## WORK INSTRUCTIONS
Every line below between the one holding "Клавіатура Corsair K55" and the one holding "Klorane, Shampoo, Festes", inclusive, should be copied exactly, and no other line.

## INFORMATION SUPPLIED
[Start of section]

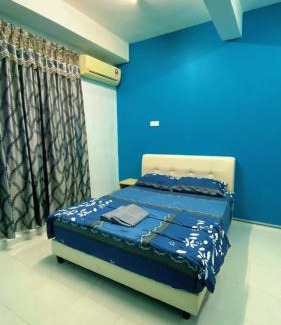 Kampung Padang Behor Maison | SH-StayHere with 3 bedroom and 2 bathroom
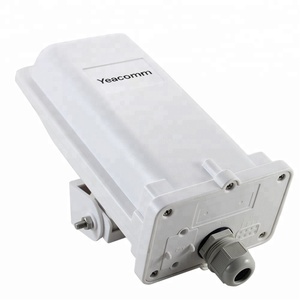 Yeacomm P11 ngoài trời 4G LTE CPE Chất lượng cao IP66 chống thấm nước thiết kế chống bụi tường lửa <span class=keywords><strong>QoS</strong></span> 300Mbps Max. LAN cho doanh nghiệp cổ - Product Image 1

[End of section]
[Start of section]

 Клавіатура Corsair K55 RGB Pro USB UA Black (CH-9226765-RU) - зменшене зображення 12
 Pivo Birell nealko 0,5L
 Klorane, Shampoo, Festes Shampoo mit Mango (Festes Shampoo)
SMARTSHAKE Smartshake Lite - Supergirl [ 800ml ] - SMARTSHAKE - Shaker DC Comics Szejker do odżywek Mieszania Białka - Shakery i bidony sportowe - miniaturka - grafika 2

[End of section]
[Start of section]

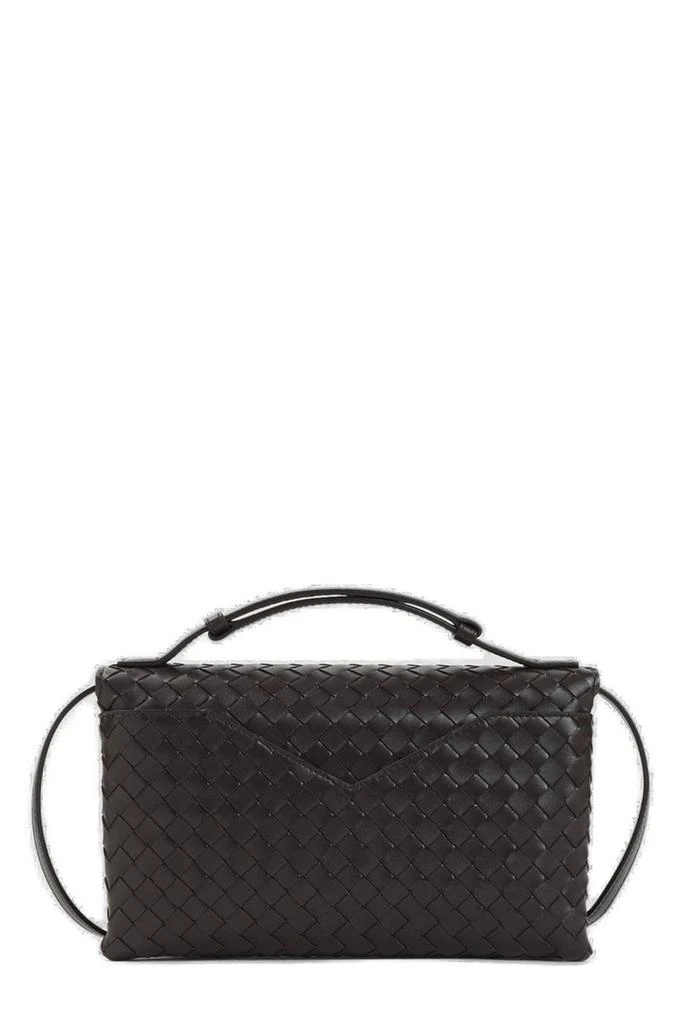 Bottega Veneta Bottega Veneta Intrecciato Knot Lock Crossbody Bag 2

[End of section]

## WRITTEN SOLUTION
 Клавіатура Corsair K55 RGB Pro USB UA Black (CH-9226765-RU) - зменшене зображення 12
 Pivo Birell nealko 0,5L
 Klorane, Shampoo, Festes Shampoo mit Mango (Festes Shampoo)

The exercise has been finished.